*** Records for this task Section Begins ***
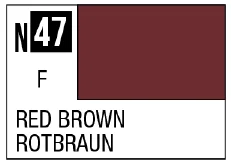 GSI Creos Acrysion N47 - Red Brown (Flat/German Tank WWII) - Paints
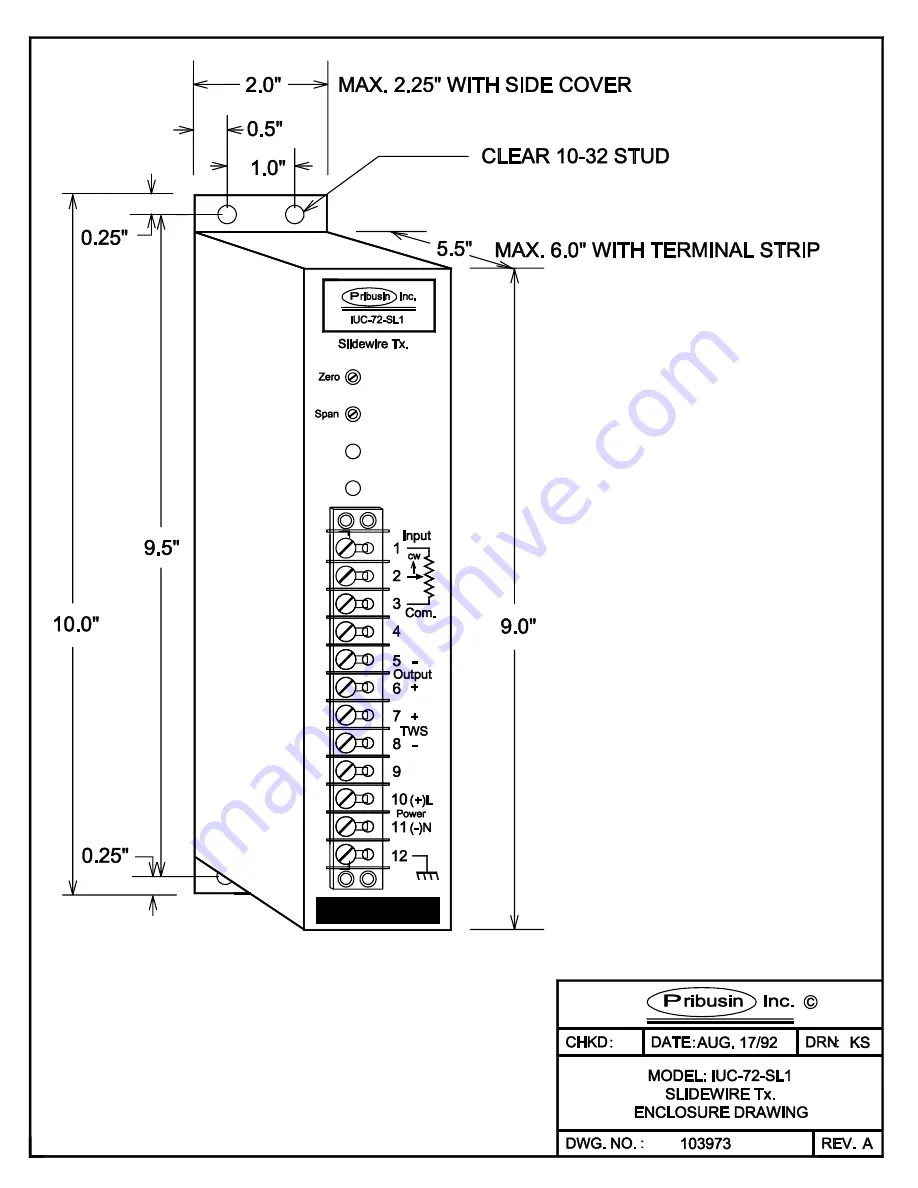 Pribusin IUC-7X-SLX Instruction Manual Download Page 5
*** Records for this task Section Ends ***
*** Records for this task Section Begins ***
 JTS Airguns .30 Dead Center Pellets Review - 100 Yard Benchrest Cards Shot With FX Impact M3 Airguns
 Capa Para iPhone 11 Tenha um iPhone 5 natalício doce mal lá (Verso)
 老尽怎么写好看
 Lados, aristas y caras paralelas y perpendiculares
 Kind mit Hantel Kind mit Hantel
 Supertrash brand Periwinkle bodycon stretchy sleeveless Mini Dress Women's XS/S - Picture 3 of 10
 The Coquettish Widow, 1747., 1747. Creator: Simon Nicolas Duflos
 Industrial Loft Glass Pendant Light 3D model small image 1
*** Records for this task Section Ends ***
● Exercise instructions
Would you output, from the records above, exactly the run of lines that starts at the line containing "Supertrash brand Periwinkle" and ends at the line containing "Industrial Loft Glass", and only that run?

● Response box
 Supertrash brand Periwinkle bodycon stretchy sleeveless Mini Dress Women's XS/S - Picture 3 of 10
 The Coquettish Widow, 1747., 1747. Creator: Simon Nicolas Duflos
 Industrial Loft Glass Pendant Light 3D model small image 1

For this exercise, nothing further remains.